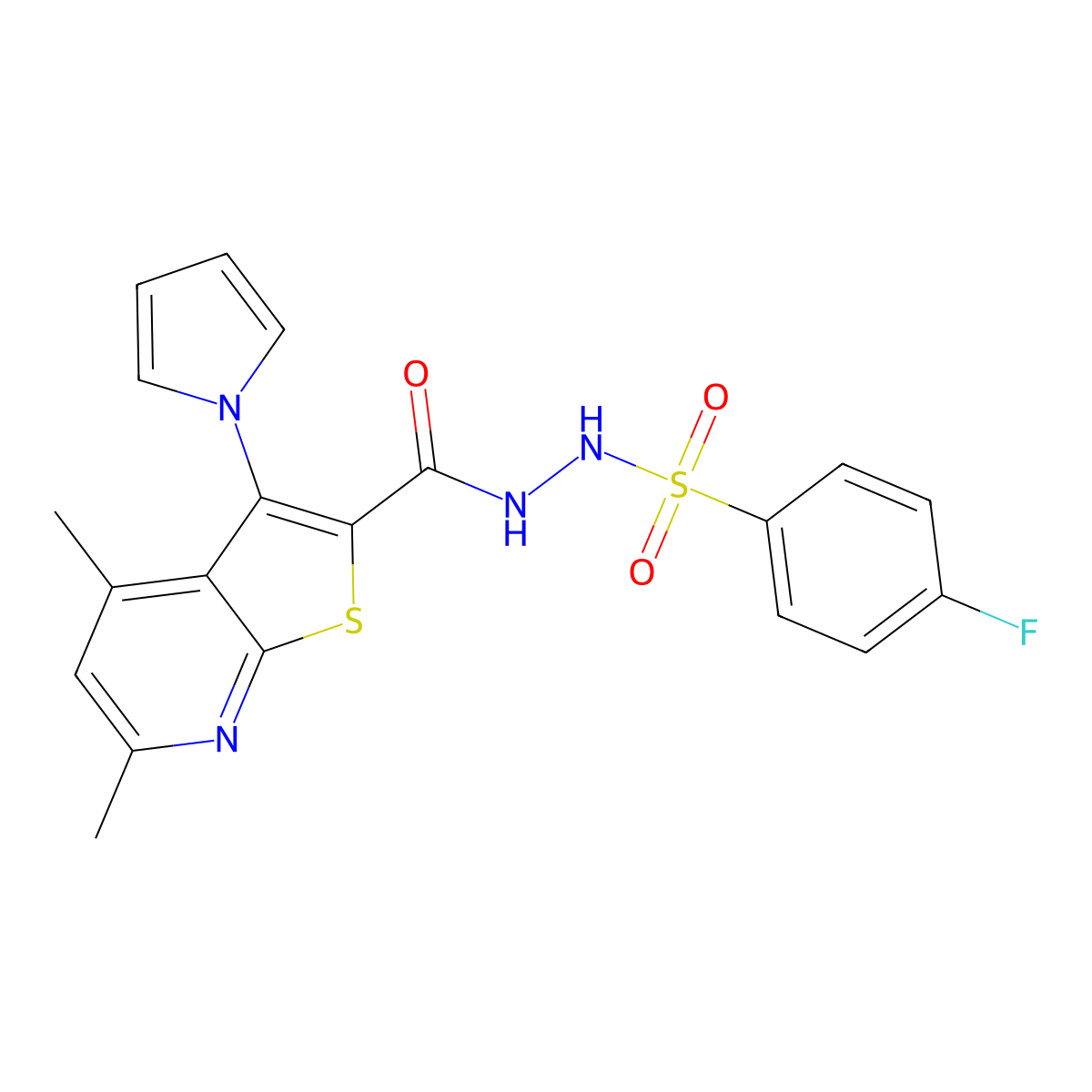 N'-{[4,6-dimethyl-3-(1H-pyrrol-1-yl)thieno[2,3-b]pyridin-2-yl]carbonyl}-4-fluorobenzenesulfonohydrazide molecular structure, CAS 478029-13-9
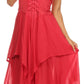 Sakkas Lady Mary Jacquard Corset Style Bodice Lightweight Handkerchief Hem Dress
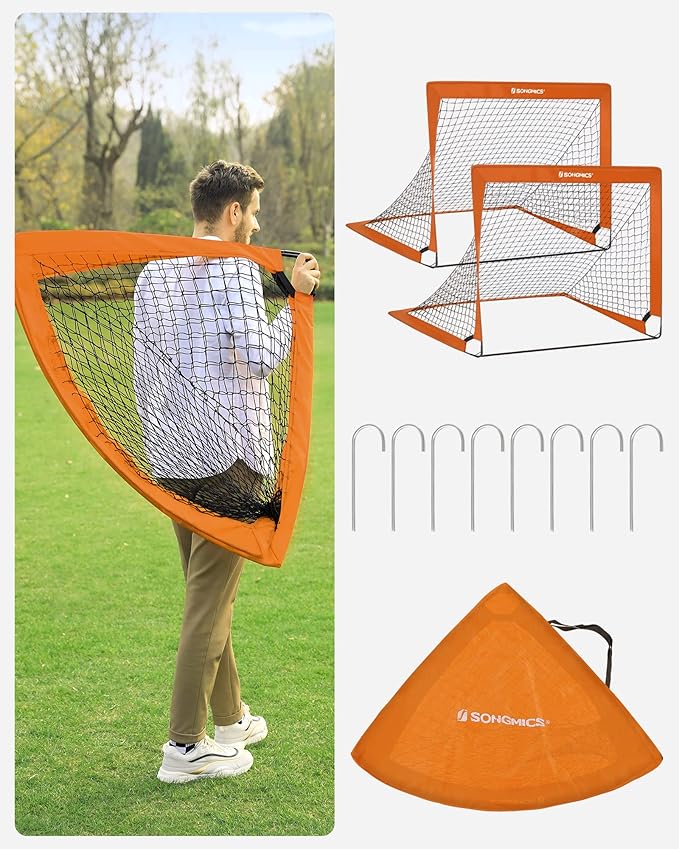 SONGMICS Kids Soccer Goals for Backyard, 4x3 ft Portable Soccer Nets Training Equipment, Toddler Soccer Goal with Carrying Bag, for Field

▸ **Work required**
Return nothing except the lines from the one containing "Sakkas Lady Mary" through the final line of the data, copied exactly. Leave out all pictures.

▸ **Solution to this problem**
 Sakkas Lady Mary Jacquard Corset Style Bodice Lightweight Handkerchief Hem Dress
 SONGMICS Kids Soccer Goals for Backyard, 4x3 ft Portable Soccer Nets Training Equipment, Toddler Soccer Goal with Carrying Bag, for Field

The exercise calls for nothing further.